### WHAT IS NEEDED
Write out only the lines from the line that holds "Dr Martins Pink Boots" to the end of the listing below, inclusive, with the pictures omitted.

□ □ □

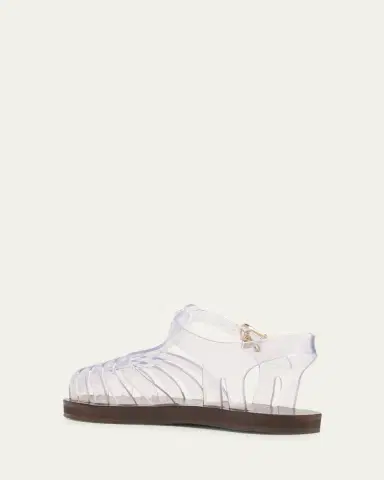 Ancient Greek Sandals Homeria Jelly Fisherman Sandals | Thumbnail 2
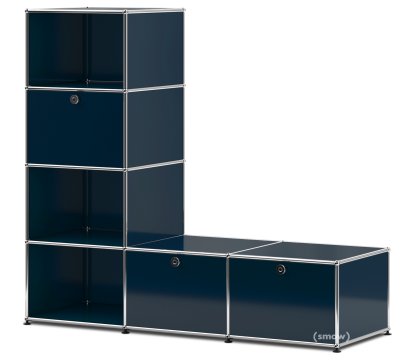 USM Haller Clothes Rack/Bench, Steel blue RAL 5011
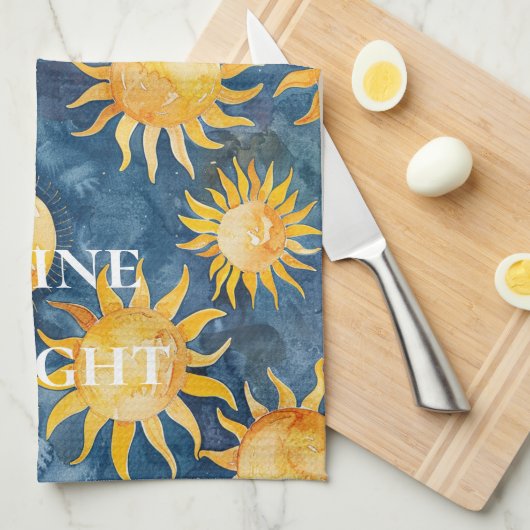 Sky Sun Shine Bright Geschirrtuch (Viertel Falte)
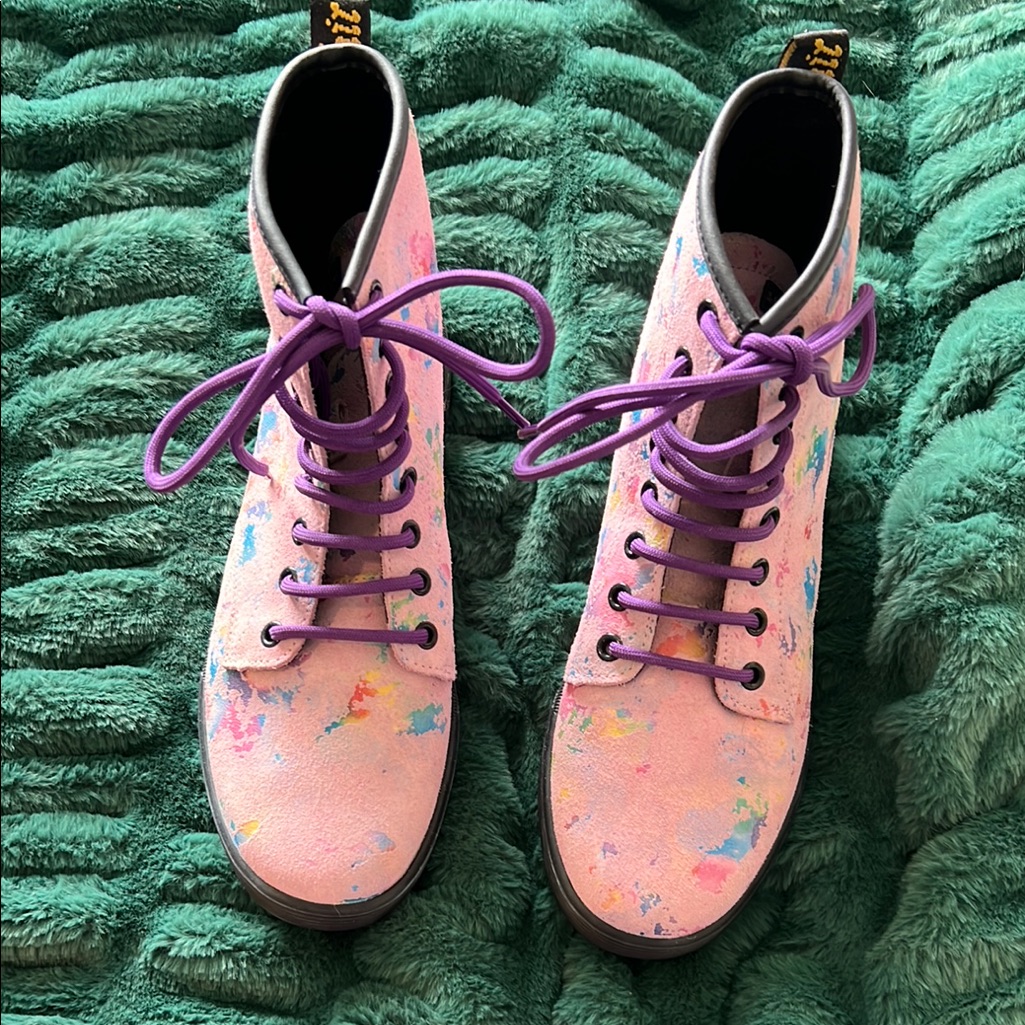 Dr Martins Pink Boots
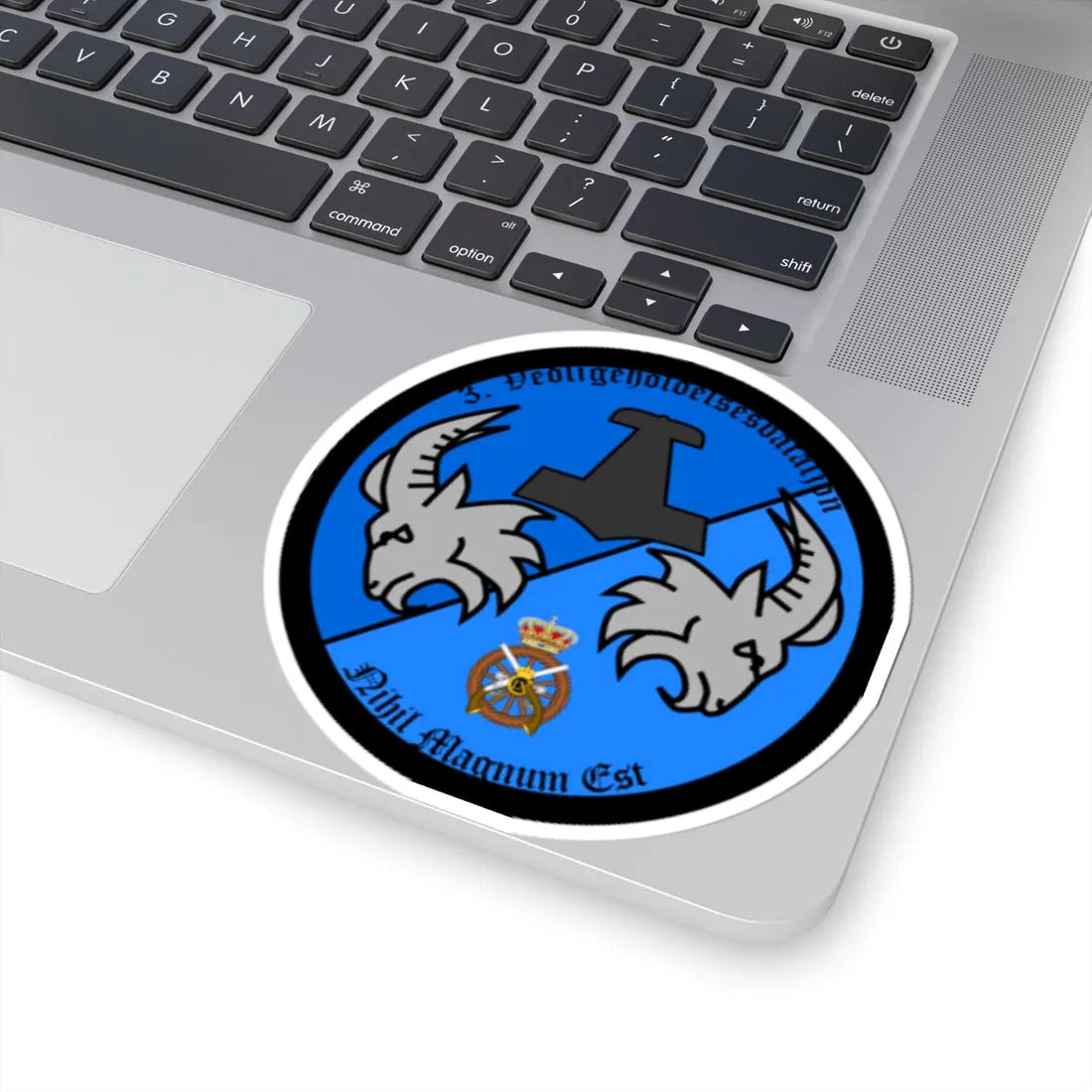 Emblem for the 3-III-TRR (Denmark) (Coat of Arms) STICKER Vinyl Kiss-Cut Decal - The Sticker Space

□ □ □

### SOLUTION TO THIS TASK
 Dr Martins Pink Boots
 Emblem for the 3-III-TRR (Denmark) (Coat of Arms) STICKER Vinyl Kiss-Cut Decal - The Sticker Space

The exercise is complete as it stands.